Although there are some examples of social and administrative mobility within organizations, it seems that limited, binding, and restrictive correlations originating from social, cultural, professional, racial, and political factors reproduce quasi-organizational capitalism, which emerging as an irreversible establishment, determines the administrative advancement and the stagnation of the quasi-capitalists and quasi-proletarians respectively. However, some of the quasi-proletarians have more opportunities to play a leading role, occupying mostly low hierarchical administrative positions, due to their additional powerful Identities, which empower their Leader Identity.
Recent scientific research highlighting the multiple social discriminations, inequalities and asymmetries against those who have vulnerable Identities, susceptible social, cultural, racial, professional, and political backgrounds, confirms the maintenance of hegemonies and quasi-organizational capitalism at the administrative and organizational level, which still surfaces as a social and cultural archetype even in public and non-profit organizations.
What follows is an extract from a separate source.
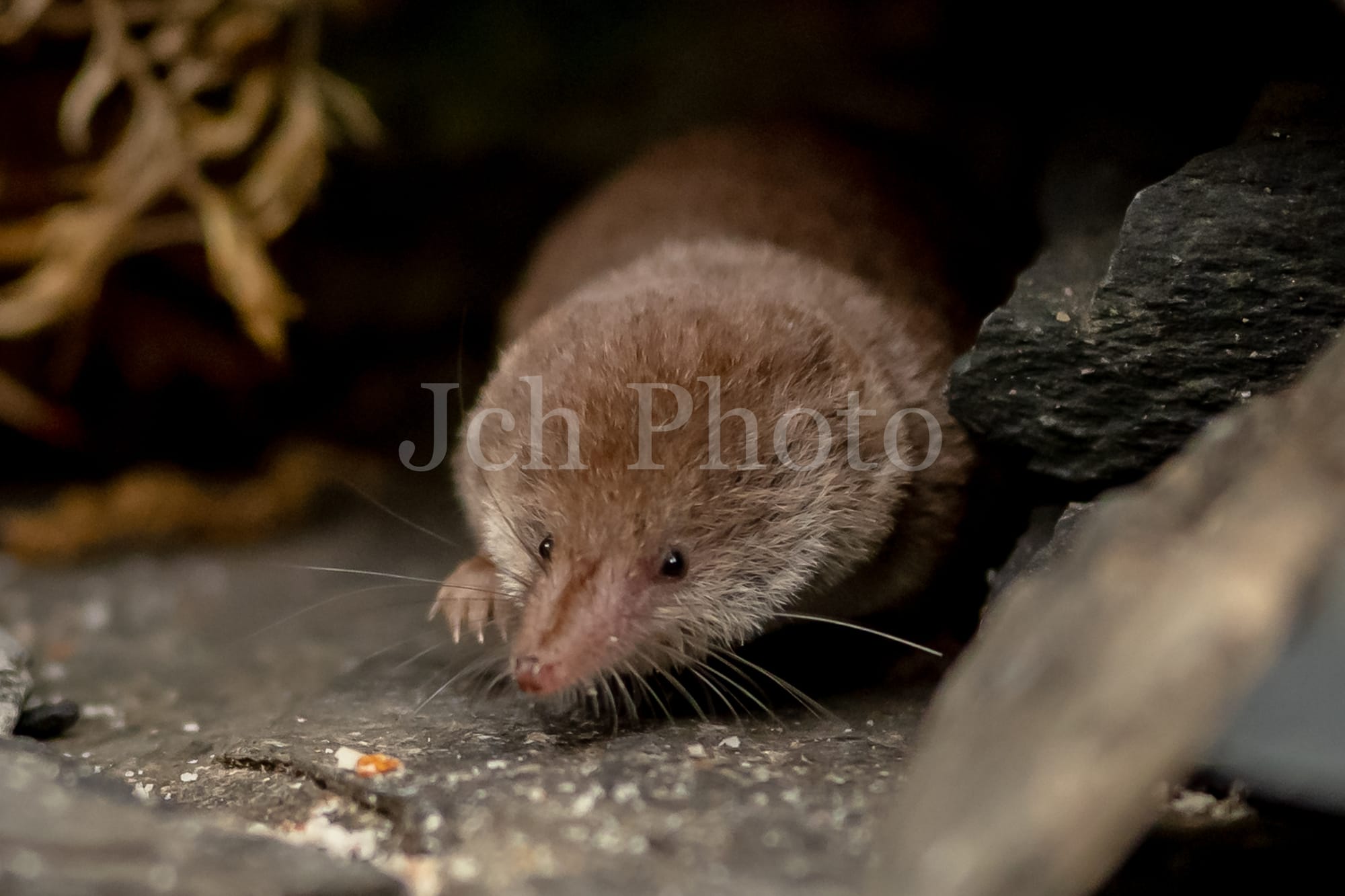 Common shrew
7. Conclusion—Social and Political Implications
This paper proposes the abrogation of various asymmetries and social stereotypes in public and private organizations and generally in public life. The administrative hierarchy and generally the social, professional, systemic, institutional and political hierarchies should be composed not only of the dominant quasi-capitalists, who have multiple capitals that ensure the successful access to each field. On the contrary, minorities, and quasi-proletarians should play a leading role, as even if they belong to low-status social categories, some of them have leadership characteristics and increased human capital.
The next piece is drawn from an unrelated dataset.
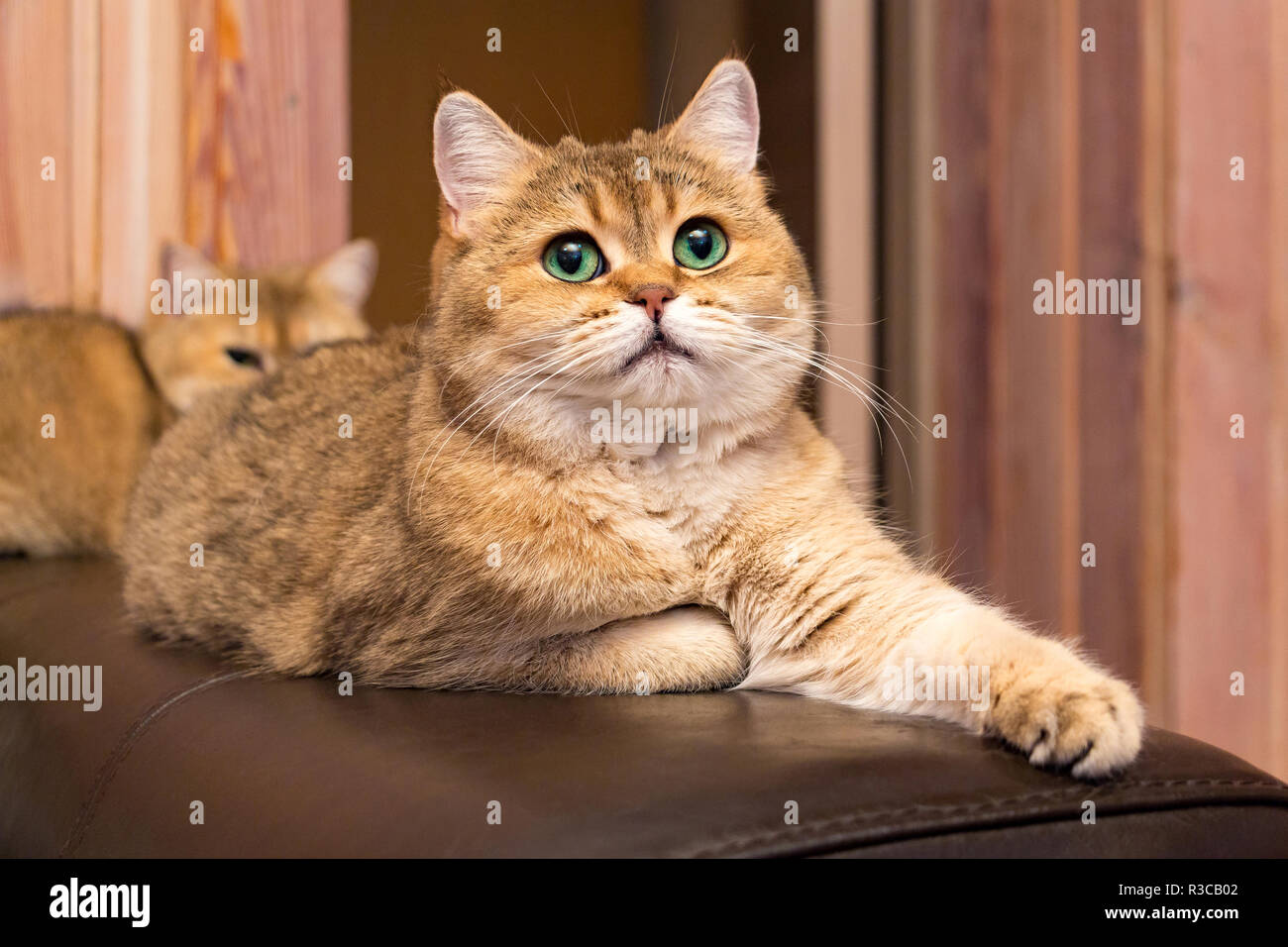 Katze mit grünen Augen - adorable Britische gold Katze mit tiefen, satten grünen Augen liegt auf der Couch seine Pfote, und bis auf der Suche Stockfoto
Decision-makers of organizations and policy-makers should do their self-criticism, conceding that social correlations, working conditions, selection criteria, and committees are not completely neutral, though they ought to be. In addition to the necessary social sensitization, organizations could implement quota policies both on the composition of selection committees and the appointment of managers-leaders, eliminating discrimination against candidates belonging to minority groups. This reformation can empower the voice, social status, influence, the professional and administrative role of the underrepresented quasi-proletarians, thus establishing social justice and equality.
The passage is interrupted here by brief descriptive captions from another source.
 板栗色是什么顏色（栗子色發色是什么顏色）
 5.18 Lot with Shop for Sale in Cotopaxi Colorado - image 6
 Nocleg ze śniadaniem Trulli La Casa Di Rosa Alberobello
In conclusion, institutional, organizational, social, cultural, and political factors, which are external parameters, form the concealed and internal social correlations, affecting the self-perception, self-image, and aspirations of quasi-proletarians. Minority and stigmatized subgroups being afraid of various dominant hegemonies, emerging in the context of quasi-organizational capitalism, refrain from claiming a managerial position and a leading role. This fact is pessimistic, confirming that social categories are deprived of capital, which is socially delimited and have few opportunities to become leaders. It is also optimistic because we have as a society the potential to devastate this adverse establishment by reforming the collective unconscious, and emancipating it from biased stereotyped perceptions. Finally, we need to study and approach management and leadership from an anthropocentric and sociological point of view and not entirely in technocratic and instrumental terms, which dominate the field, thus constructing the Sociology of Educational Leadership.